Camping in proximity to home helps foster a healthy respect for the outdoors while giving them the confidence to spend a night in a tent or camper if you go RVing.

It’s also a benefit for Mom and Dad. It’s much easier to try out a new piece of camping gear in the backyard where you can get out of the rain in case your new tent leaks. We’d recommend using new stuff near home if just to know how to set it up correctly.

How to Stay Safe While Camping in Your Backyard

There are several other things you can do to make camping safer and help your children feel comfortable with the experience. We’d suggest you approach it like you would any campsite. Check the ground for roots, rocks, or other debris that could affect your comfort.

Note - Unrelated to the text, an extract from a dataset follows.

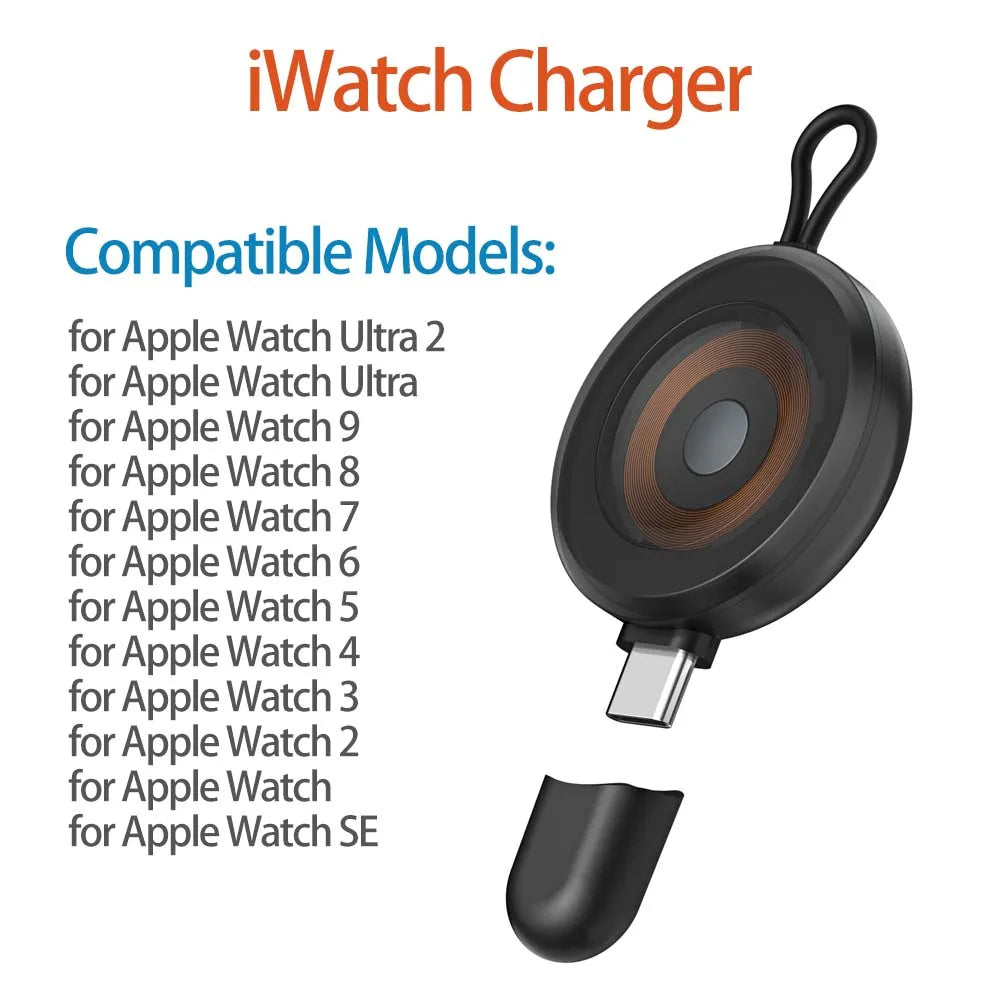 USB C Portable Watch Magnetic Wireless Charger For Apple Watch Ultra 2 3 4 5 6 7 8 9 SE Samsung Galaxy 6 Classic 5 Pro 4 Active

The same precaution applies to above your site. Since you’re at home, take the time to trim any overhead branches that don’t look safe. And while you’re at it, run the weed whacker around your campsite to keep the bugs under control. You’ll also find it helpful to set up a bug zapper or fog the area so that the mosquitoes don’t spoil your fun.

Prepare Your Campfire Site

Even if you camp in your backyard, a campfire is obligatory. Since you’re at home, you can do the necessary prep ahead of time to keep it safe. Clear the area around the site for debris and vegetation. If you’re going to cook on the campfire, now is a good time to clean the grate. You’ll also want to gather some tinder and wood to keep the flames going.

Of course, you’ll need to round up your equipment with a garden hose and a shovel for tending the fire. We suggest laying out the ground rules for campfires before you light the first match. In the heat of the moment, all the kids will want to be the fire tender. Leave it to Mom or Dad to play it safe.

Throw Some Light on the Subject

We’d also suggest investing in some have motion-detecting lights if you don’t have them already. It’s a luxury we love to have while camping. Place them near the house to make bathroom visits safer. You can also place them in other areas of your yard or near any outbuildings like your garage. Then, if a curious raccoon wanders too close, the flash of the light can startle them.

Final Thoughts

Camping puts us in touch with the part of us that loves nature and the outdoors. It doesn’t have to mean a trip to a crowded park, either. You can find that same joy at home. When thinking about is backyard camping safe, remember that a lot of it is common sense. Take the same precautions you would when going to a campground. And enjoy the fact that you’ll be able to take a hot shower the next day.